Saturday, September 24, 2011

Why Fabricate HIV Data When You've Got the Real Thing?

In the Kenyan Modes of Transmission Survey, which purports to estimate the relative contribution of each HIV transmission mode, the guesstimate for the contribution of men having sex with men is lumped in with a figure that is said to include prison populations.

This is a ridiculous way of estimating the contribution of these different modes of transmission in particular, though the entire document is unlikely to have any verifiable figures. But, as not all men who have sex with men are in prison, not all prisoners have sex with men and not all HIV transmission, especially in prisons, is transmitted sexually, it's difficult to understand why some well paid consultants even bothered to produce the document.

So when you come across an article entitled "Same Sex Hindering HIV Fight in Prisons", you might wonder where they get their figures from. We are promised a reduction in HIV transmission rates because the prisons are introducing 'counselling'. But will the counsellors inform prisoners and prison staff about non-sexual as well as sexual risks? HIV 'prevention' activities tend not to do so.

In a prison, you don't always have that much option about what kind of health care services you receive. It seems unlikely that you will meet with much sympathy if you complain that services don't include sterile procedures. Equally, you are unlikely to be able to choose who shaves your head, how sterile the instruments are or how careful the hairdresser is.

In fact, given the lack of attention to non-sexual HIV transmission through unsterile health care and cosmetic services, it is unlikely that many prisoners would even notice or be aware of the risks they are facing every time they go to the clinic or the barber's. It's as unlikely as non-prisoners knowing such things.

Also, tattooing is said to be very popular in some prisons, as are other forms of body art that involve breaking the skin. Instruments for tattooing and other skin piercing activities are not easy to come by, nor are materials for making paint. This means that they are likely to be reused, perhaps even sold to others.

Drug taking and various forms of traditional medicine, rituals and oath taking may also contribute to the many risks. The extent of male to male sex is not clear. But it is unlikely to represent anywhere near the highest risk of transmitting HIV and other blood-borne viruses in prisons.

Interestingly, Kenya's prison population is given as just over 50,000, which is not inordinately high for a country of more than 40 million people. And HIV rates are said to be less than 7% in prisons, which is about average for the country as a whole.
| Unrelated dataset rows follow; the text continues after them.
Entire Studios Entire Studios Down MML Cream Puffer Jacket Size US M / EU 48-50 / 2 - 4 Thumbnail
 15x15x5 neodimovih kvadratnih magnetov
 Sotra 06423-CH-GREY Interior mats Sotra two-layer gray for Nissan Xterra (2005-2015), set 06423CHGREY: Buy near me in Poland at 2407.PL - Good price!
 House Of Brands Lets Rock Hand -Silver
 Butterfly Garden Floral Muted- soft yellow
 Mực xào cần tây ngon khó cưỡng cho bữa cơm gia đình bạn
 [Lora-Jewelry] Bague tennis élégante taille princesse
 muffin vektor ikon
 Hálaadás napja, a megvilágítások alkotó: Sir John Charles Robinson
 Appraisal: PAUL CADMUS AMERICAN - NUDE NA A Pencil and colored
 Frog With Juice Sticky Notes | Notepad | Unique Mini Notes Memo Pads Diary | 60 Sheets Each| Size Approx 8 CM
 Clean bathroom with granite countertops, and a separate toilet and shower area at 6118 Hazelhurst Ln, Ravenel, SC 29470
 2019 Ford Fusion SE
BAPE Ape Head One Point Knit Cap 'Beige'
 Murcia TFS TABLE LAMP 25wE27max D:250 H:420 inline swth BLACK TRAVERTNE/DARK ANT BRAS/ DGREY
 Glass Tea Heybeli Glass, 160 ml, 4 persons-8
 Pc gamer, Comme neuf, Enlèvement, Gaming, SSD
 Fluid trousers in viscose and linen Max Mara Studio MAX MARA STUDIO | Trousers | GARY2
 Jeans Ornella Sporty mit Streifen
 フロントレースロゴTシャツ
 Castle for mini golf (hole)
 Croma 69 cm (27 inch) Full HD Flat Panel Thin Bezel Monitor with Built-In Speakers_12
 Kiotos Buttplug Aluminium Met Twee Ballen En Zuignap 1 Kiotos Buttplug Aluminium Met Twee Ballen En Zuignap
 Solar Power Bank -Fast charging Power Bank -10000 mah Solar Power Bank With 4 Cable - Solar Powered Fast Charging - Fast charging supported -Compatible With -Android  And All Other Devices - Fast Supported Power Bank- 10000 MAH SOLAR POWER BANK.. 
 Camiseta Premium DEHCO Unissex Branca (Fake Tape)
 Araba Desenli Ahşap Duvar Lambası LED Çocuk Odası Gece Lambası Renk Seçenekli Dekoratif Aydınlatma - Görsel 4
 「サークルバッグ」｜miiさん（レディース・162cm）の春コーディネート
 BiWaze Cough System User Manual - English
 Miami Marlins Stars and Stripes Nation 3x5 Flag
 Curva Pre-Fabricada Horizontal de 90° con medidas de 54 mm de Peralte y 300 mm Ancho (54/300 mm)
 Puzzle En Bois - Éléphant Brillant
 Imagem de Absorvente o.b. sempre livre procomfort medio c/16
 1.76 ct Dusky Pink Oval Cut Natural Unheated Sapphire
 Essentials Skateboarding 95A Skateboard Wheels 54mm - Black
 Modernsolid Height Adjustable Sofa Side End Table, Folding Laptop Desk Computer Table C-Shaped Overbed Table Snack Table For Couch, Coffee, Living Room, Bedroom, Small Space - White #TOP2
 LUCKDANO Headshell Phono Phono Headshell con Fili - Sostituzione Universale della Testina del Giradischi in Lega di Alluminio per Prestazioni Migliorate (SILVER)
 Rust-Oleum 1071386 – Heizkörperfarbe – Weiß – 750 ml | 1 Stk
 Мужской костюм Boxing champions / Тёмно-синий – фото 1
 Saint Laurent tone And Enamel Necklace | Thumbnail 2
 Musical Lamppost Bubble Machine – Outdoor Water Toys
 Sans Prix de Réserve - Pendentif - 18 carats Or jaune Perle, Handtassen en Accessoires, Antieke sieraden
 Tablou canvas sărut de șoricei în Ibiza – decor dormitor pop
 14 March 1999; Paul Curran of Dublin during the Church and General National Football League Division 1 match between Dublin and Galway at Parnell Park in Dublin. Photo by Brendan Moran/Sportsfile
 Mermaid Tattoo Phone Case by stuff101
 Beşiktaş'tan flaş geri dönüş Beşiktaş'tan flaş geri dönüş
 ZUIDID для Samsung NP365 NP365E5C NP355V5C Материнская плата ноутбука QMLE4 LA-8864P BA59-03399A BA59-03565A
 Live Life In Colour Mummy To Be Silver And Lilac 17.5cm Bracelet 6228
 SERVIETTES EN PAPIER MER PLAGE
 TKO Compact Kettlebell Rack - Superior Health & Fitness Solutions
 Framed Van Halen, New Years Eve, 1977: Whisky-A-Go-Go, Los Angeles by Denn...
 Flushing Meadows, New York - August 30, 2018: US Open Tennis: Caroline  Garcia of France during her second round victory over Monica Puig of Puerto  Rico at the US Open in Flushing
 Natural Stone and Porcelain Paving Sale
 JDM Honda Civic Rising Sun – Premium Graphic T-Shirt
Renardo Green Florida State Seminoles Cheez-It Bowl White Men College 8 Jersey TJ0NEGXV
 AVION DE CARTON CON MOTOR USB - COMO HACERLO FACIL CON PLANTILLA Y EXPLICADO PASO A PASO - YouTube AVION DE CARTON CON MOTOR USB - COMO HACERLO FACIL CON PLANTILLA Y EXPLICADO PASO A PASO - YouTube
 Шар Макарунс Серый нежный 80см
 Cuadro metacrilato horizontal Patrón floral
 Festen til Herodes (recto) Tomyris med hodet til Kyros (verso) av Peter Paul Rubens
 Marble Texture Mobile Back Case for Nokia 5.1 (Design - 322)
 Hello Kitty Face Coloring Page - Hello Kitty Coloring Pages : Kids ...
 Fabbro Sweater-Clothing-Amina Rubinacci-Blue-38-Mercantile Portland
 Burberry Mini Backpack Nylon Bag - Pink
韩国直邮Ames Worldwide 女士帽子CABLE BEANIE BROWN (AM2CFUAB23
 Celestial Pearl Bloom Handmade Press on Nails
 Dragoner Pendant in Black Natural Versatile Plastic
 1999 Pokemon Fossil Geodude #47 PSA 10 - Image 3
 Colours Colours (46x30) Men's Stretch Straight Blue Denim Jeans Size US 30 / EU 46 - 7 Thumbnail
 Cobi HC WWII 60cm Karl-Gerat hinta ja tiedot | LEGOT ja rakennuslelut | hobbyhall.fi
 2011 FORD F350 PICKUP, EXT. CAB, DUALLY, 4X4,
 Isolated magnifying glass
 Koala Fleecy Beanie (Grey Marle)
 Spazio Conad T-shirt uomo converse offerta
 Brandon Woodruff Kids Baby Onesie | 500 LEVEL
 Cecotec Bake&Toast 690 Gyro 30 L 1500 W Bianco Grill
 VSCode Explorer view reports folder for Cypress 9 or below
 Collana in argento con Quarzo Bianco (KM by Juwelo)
Bear in mind, though, HIV prevalence in Kenya and other high prevalence countries is usually far higher among females, whereas most prisoners are male.

The rates, then, are higher than among Kenyan males, but the figure doesn't seem in any way extraordinary. In fact, it is low enough to make you wonder if male to male sex really does happen a lot in prisons. After all, it seems unlikely that the prisoners have access to safe sex counselling or to condoms.

But the Modes of Transmission Survey is a highly deceptive document. The figures try to make the case for blaming most HIV transmission on individual sexual behavior. Yet there is a body of evidence that a substantial percentage of HIV transmission is not through sexual behavior. Far more likely modes of transmission are unsafe medical and cosmetic services.

Therefore, HIV prevention efforts need to be directed more towards the real causes of its spread, not those imagined by the HIV industry. It's time to stop playing with mathematical models that use manufactured data and produce some real data on HIV transmission in Kenya.